INPUT RECORDS:
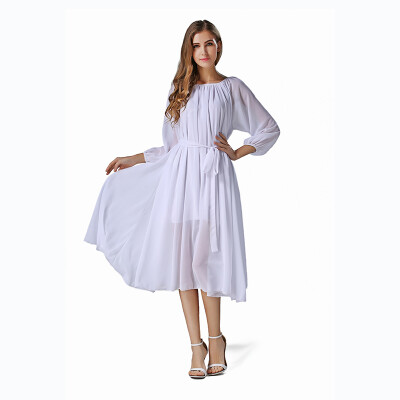 

Buenos Ninos Women's Long Sleeve Crew Neck Loose Chiffon Long Maxi Dress with Belt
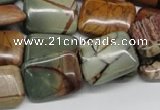 CPJ11 15.5 inches 15*20mm rectangle picasso jasper beads wholesale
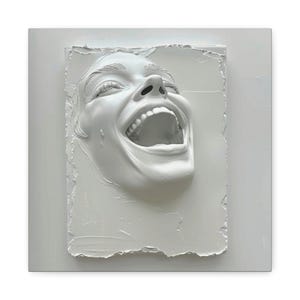 Toile d&#39;art visage qui rit : impression portrait blanc moderne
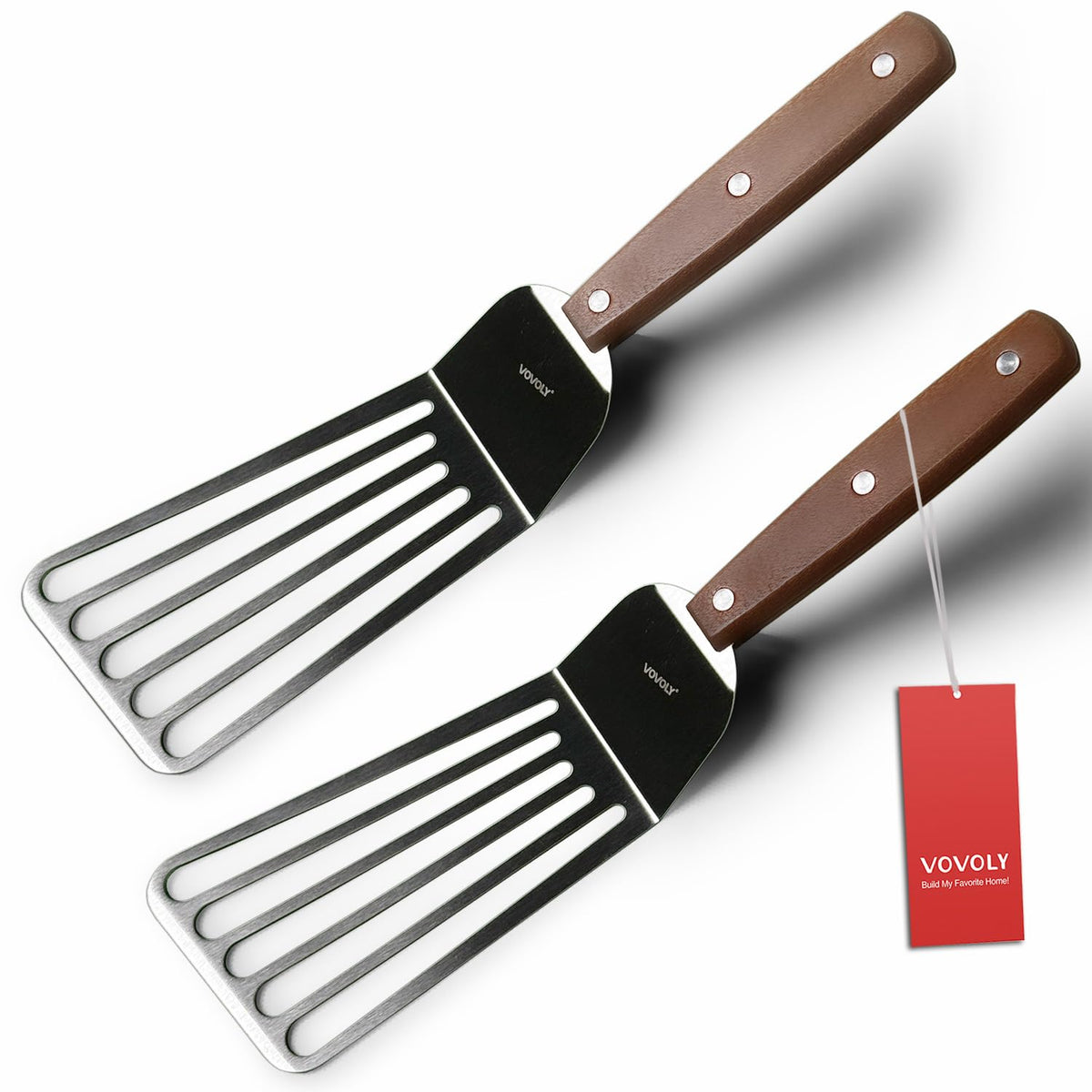 Fish Spatula Turner, Stainless Steel Slotted Spatulas Set - 3"x6"+4"x8"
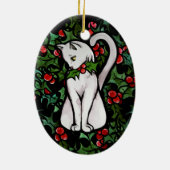 Weihnachtsfest Holly White Cat Keramik Ornament (Hinten)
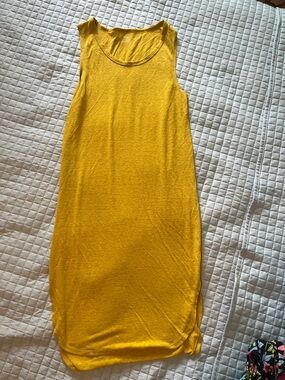 Aerie chartreuse Yellow Sleeveless Tank Dress/Coverup - Casual Summer Midi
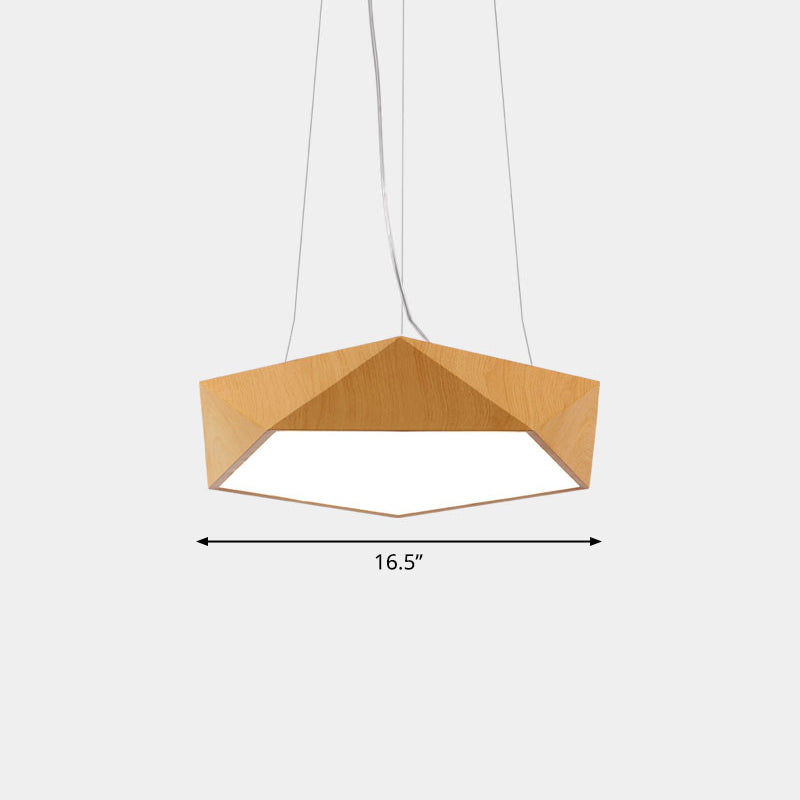 Nordic Acrylic Led Pendant Chandelier In Light Wood - Office Ceiling / 16.5 White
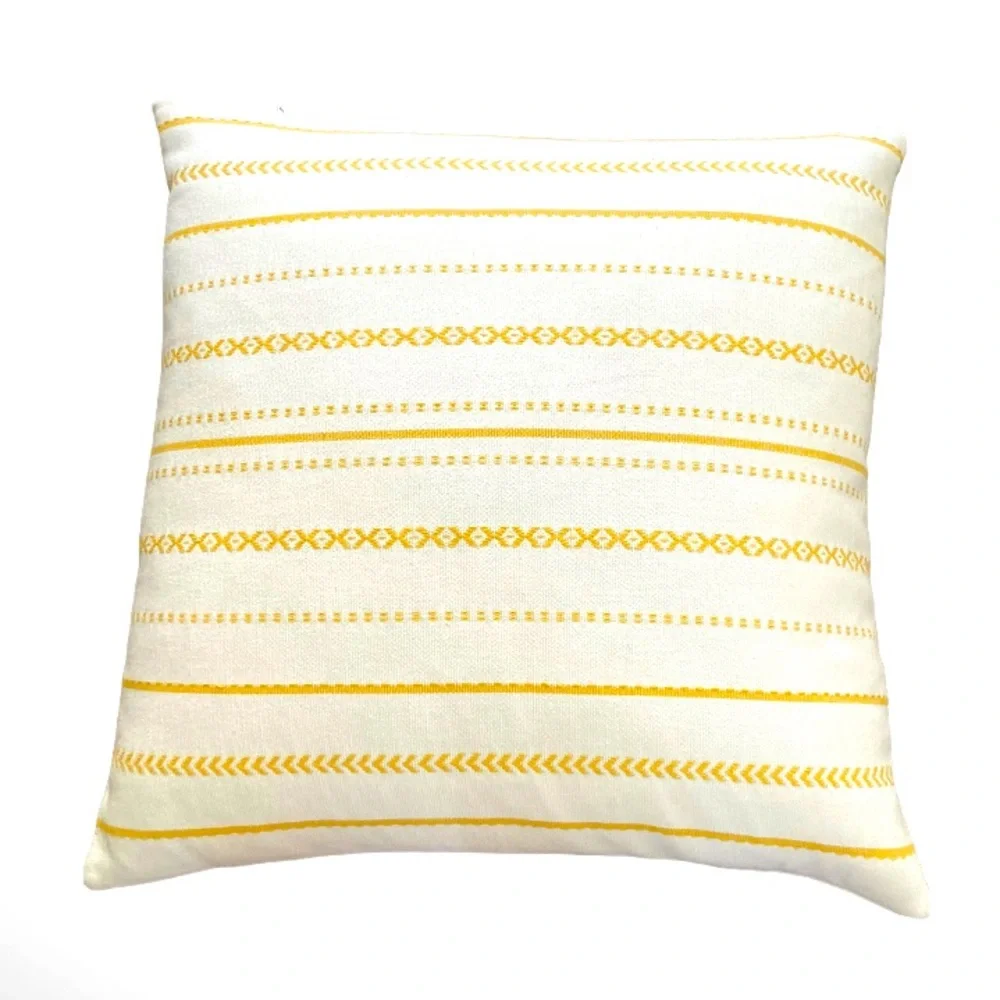 DEVI DESIGNS NAMBIA WHITE OCHRE ACCENT PILLOW INSERT WATERFOWL FEATHERS 23x23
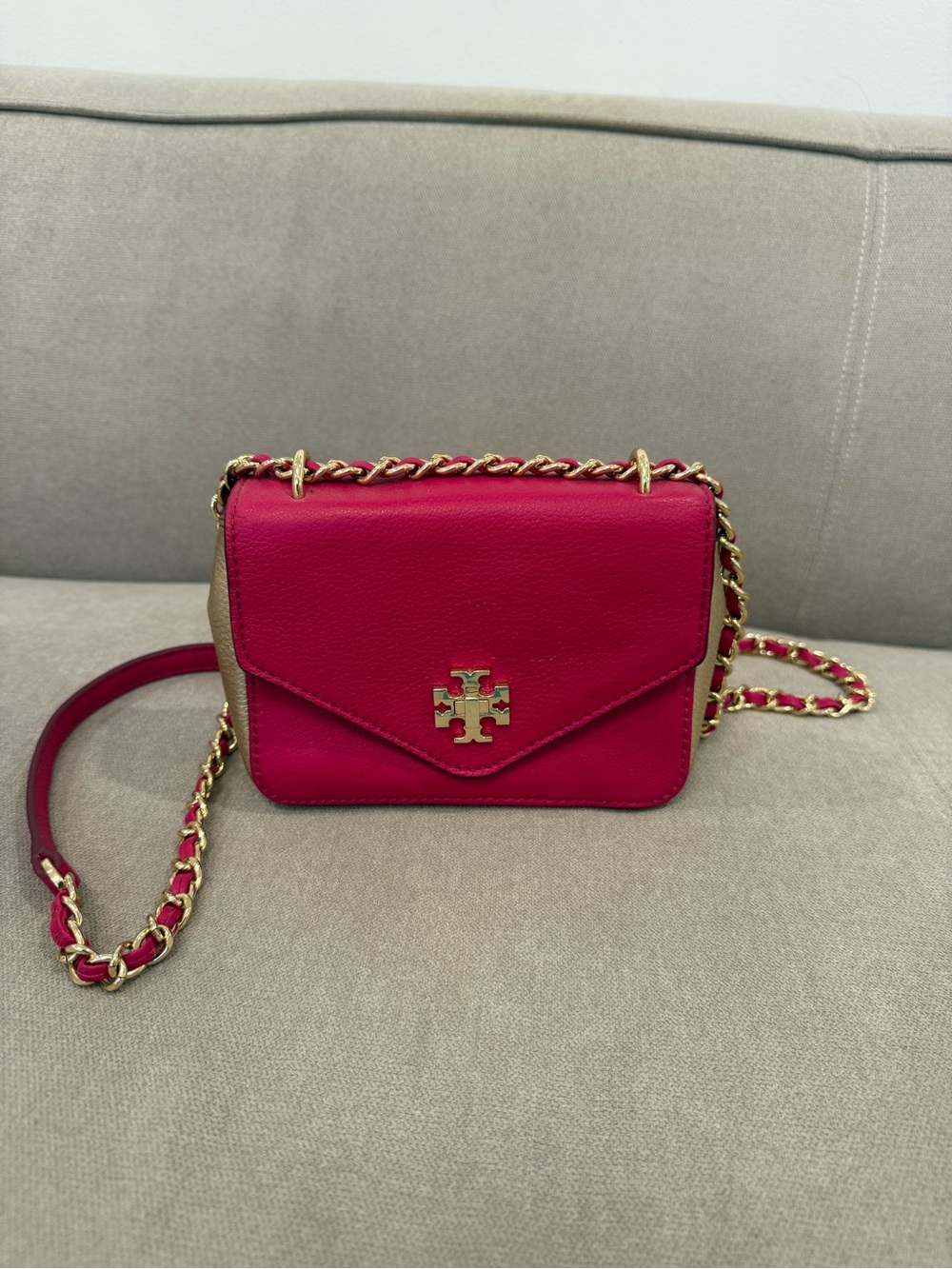 Tory Burch Kira Shoulder Crossbody Leather Bag in Hot Pink and Gold Hardware
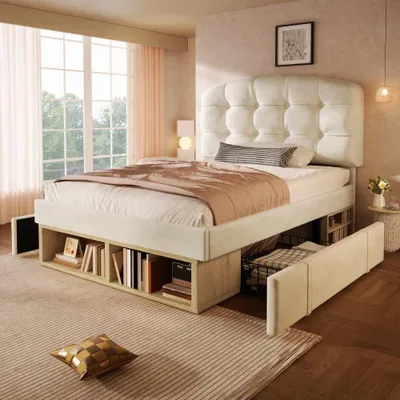 Produktbild von Polsterbett Samt mit Lattenrost und Stauraum, höhenverstellbares Kopfteil, Jugendbett mit Schubladen, Schlafzimmerbett ohne Matratze 90x200cm, Beige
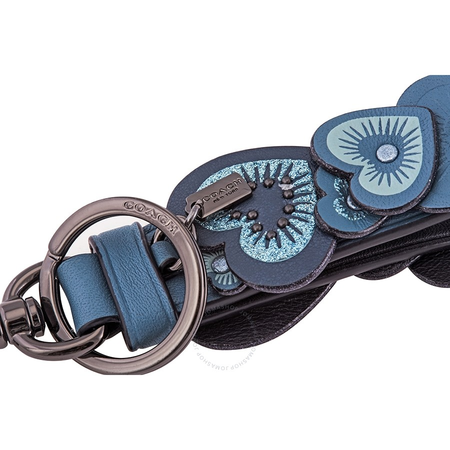 Coach Ladies Keyfobs Chambray Blue Hearts 30328 BKCMB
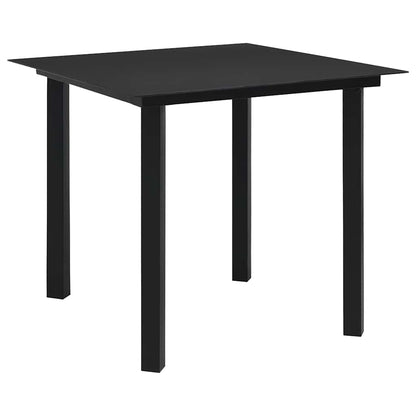 vidaXL 3 Piece Garden Dining Set Black Glass and Steel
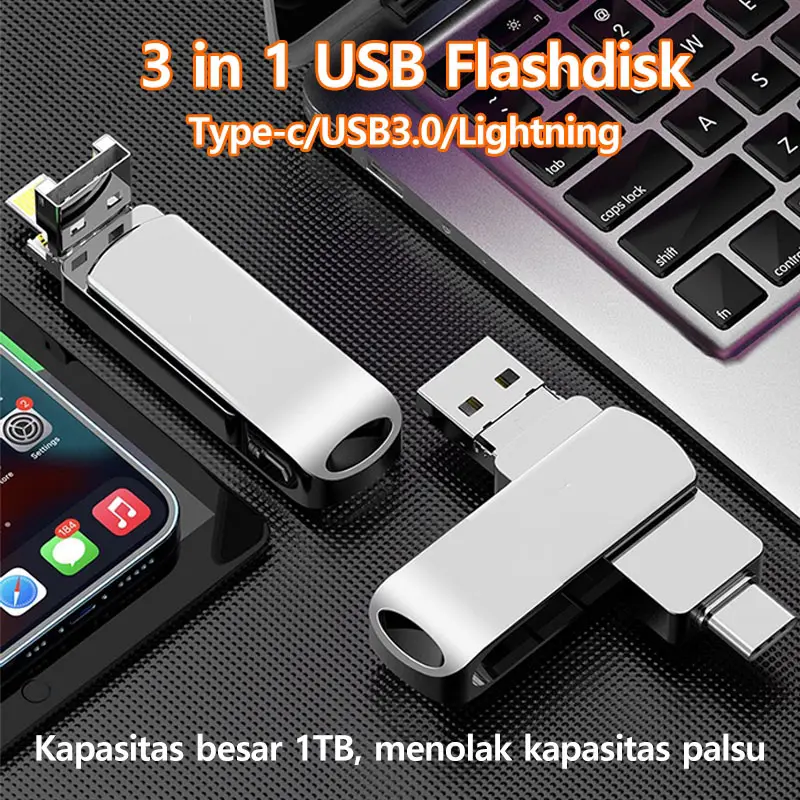 K301 Flashdisk OTG Original 3-in-1: Disk Penyimpanan Type-C, Kompatibel dengan Android Micro USB 3.0, Kapasitas Pilihan 512GB/1TB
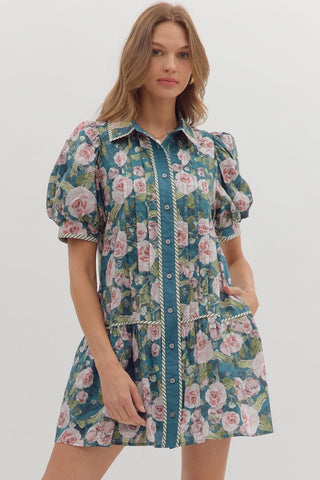 Entro Dusty Teal Floral Print Drop Waist Short Dress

EXERCISE BRIEF:
Please, without any pictures, write out exactly the lines of the listing from its first line through the line that holds "Nordic Acrylic Led", ends included, and nothing beyond them.

PROBLEM SOLUTION:
Buenos Ninos Women's Long Sleeve Crew Neck Loose Chiffon Long Maxi Dress with Belt
 CPJ11 15.5 inches 15*20mm rectangle picasso jasper beads wholesale
 Toile d&#39;art visage qui rit : impression portrait blanc moderne
 Fish Spatula Turner, Stainless Steel Slotted Spatulas Set - 3"x6"+4"x8"
 Weihnachtsfest Holly White Cat Keramik Ornament (Hinten)
 Aerie chartreuse Yellow Sleeveless Tank Dress/Coverup - Casual Summer Midi
 Nordic Acrylic Led Pendant Chandelier In Light Wood - Office Ceiling / 16.5 White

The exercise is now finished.